Everything in the listing below needs restating exactly, apart from the pictures.

......

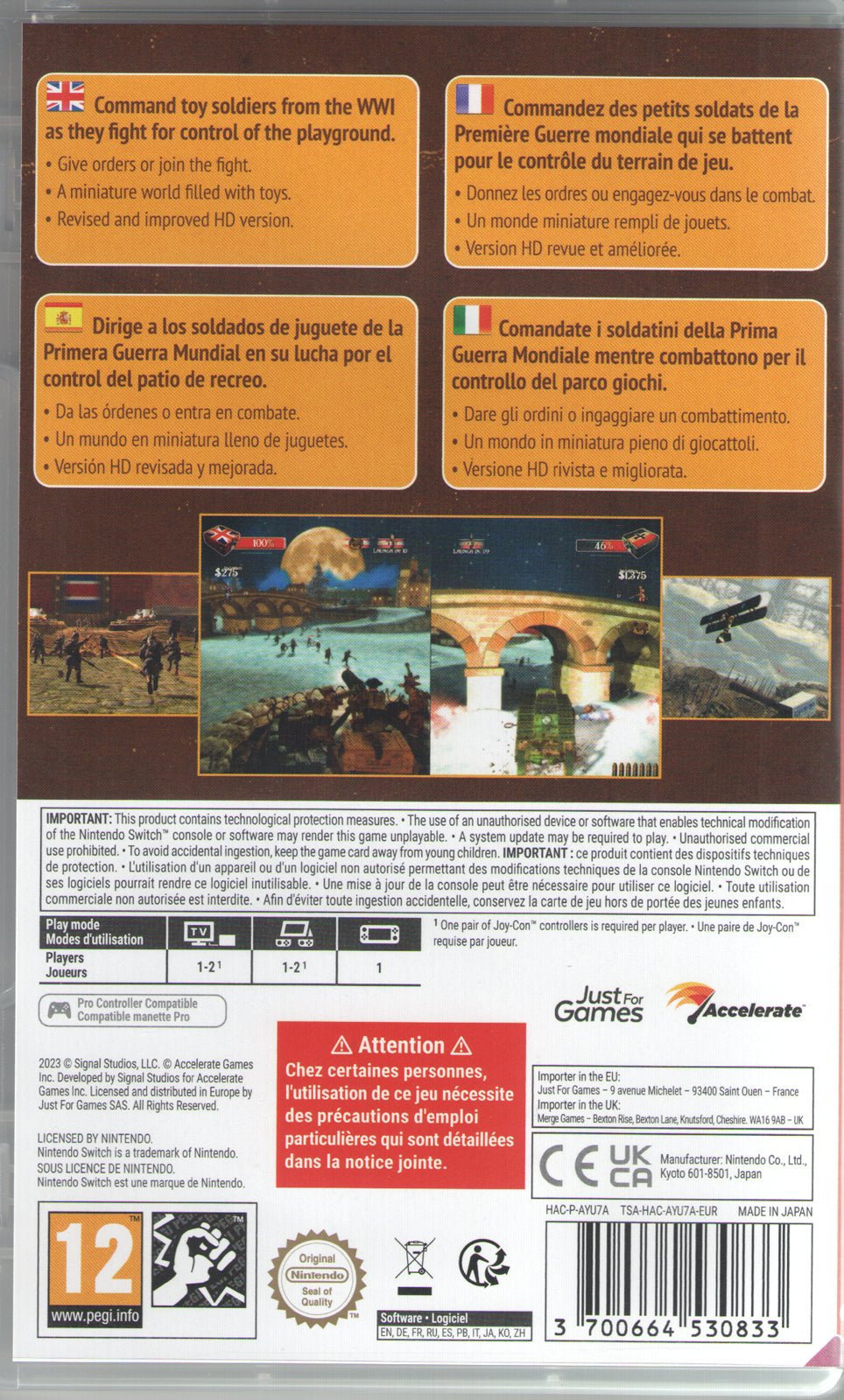 Toy Soldiers HD - BASCO GAMES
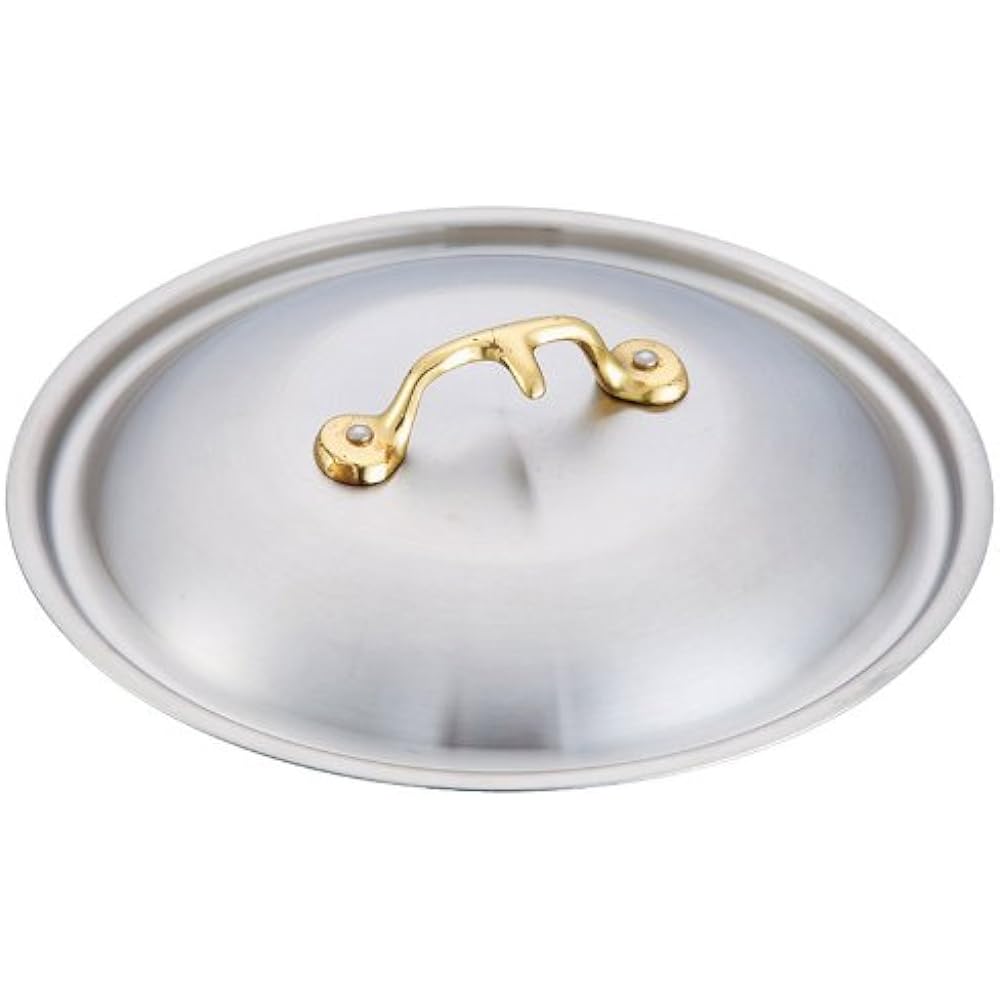 Nakao Aluminum Seisakusho King Denji Outer pot 18cm with measuring tape D-3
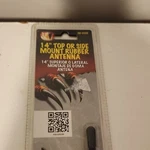 Universal Black Rubber Car Antenna. Fixed Price $15.00.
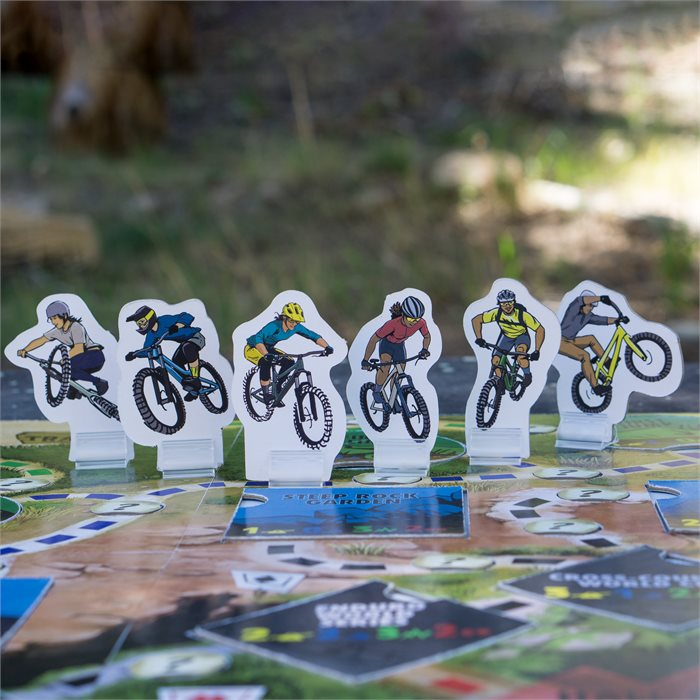 SEND IT! The Mountain Biking Board Game by Send It Board Games - SEND IT!  The Mountain Biking Board Game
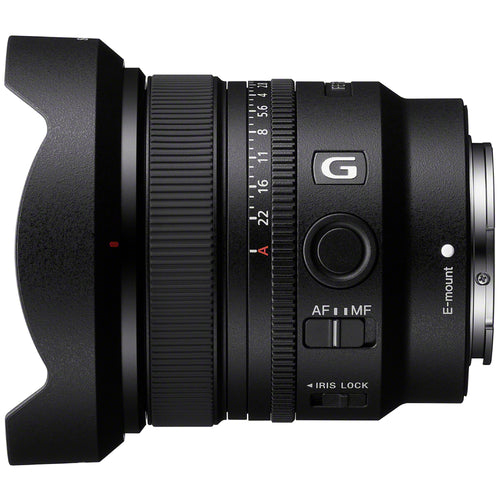 Sony FE 16mm f/1.8 G Lens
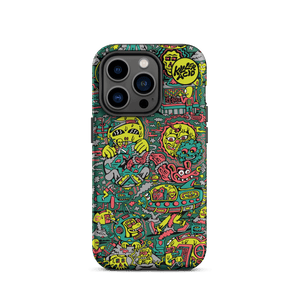 Spaced Out iPhone Case - Accessories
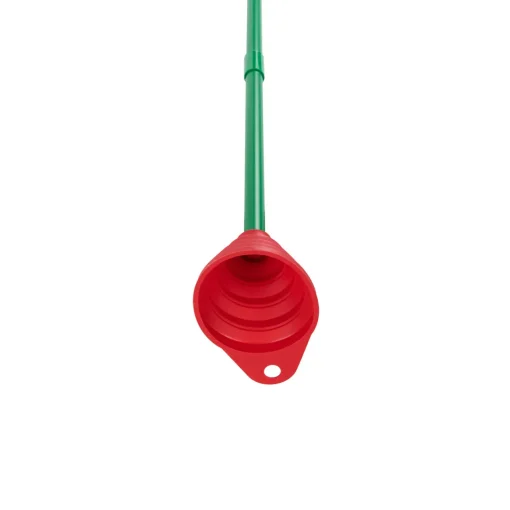 Best Christmas Tree Watering Funnel - 39.5" - Green and Red Bows & Ribbons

......

## [Solution for this exercise]
 Toy Soldiers HD - BASCO GAMES
 Nakao Aluminum Seisakusho King Denji Outer pot 18cm with measuring tape D-3
 Universal Black Rubber Car Antenna. Fixed Price $15.00.
 SEND IT! The Mountain Biking Board Game by Send It Board Games - SEND IT!  The Mountain Biking Board Game
 Sony FE 16mm f/1.8 G Lens
 Spaced Out iPhone Case - Accessories
 Best Christmas Tree Watering Funnel - 39.5" - Green and Red Bows & Ribbons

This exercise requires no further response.